Outpatient treatment facilities account for 80 percent of all substance abuse treatment programs in the United States and serve 89 percent of the 1.1 million clients in care on any day (National Survey of Substance Abuse Treatment Services, SAMHSA, 2002). Outpatient treatment providers face tremendous challenges in their efforts to serve populations in need of treatment. States are in a unique position to effect system change by working together with outpatient substance abuse treatment providers to remove systems barriers, streamline administrative procedures, provide incentives, and assist provider networks in their efforts to improve access and retention performance outcomes. By leveraging their roles as major purchasers of addiction treatment services, states can spread practices that improve access and retention as well as guide performance improvement.

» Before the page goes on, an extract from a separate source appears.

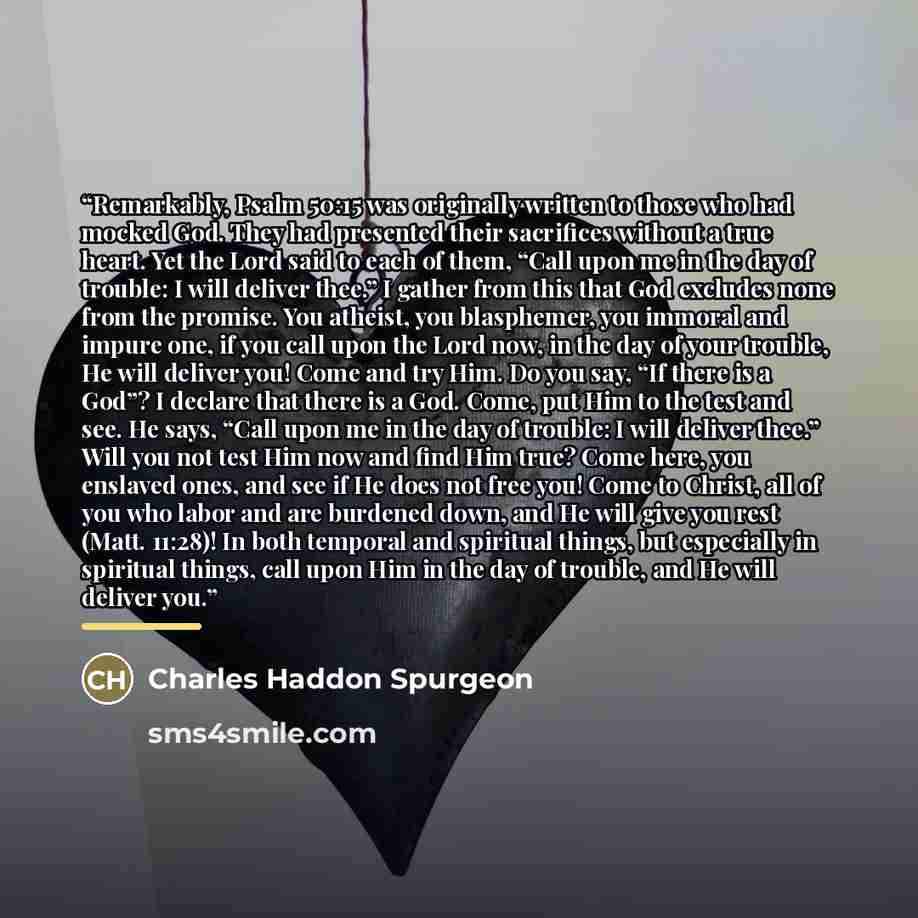 “Remarkably, Psalm 50:15 was originally written to those who had mocked God. They had presented their sacrifices without a true heart. Yet the Lord said to each of them, “Call upon me in the day of trouble: I will deliver thee.” I gather from this that God excludes none from the promise. You…” quote by Charles Haddon Spurgeon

The STAR-SI Initiative expands on the results of the State Pilot Project to promote state-level implementation of process improvement methods and improve access and retention in outpatient (OP) treatment. Nine state-provider partnerships (grantees) are funded over a three-year period, beginning in October/November 2006. The NIATx State Diffusion Model will guide grantees in creating successful payer/provider partnerships, implementing collaborative learning models, applying process improvement techniques, and adopting best practices to improve treatment access and retention.
The NIATx State Diffusion Model serves as the theoretical foundation of the STAR-SI initiative. The five core components of the model, based upon lessons learned from the NIATx State Pilot Project to Improve Addiction Treatment, are: SSA and State leadership; payer/provider partnerships, access and retention process improvement network, state performance management, and sustainability and spread.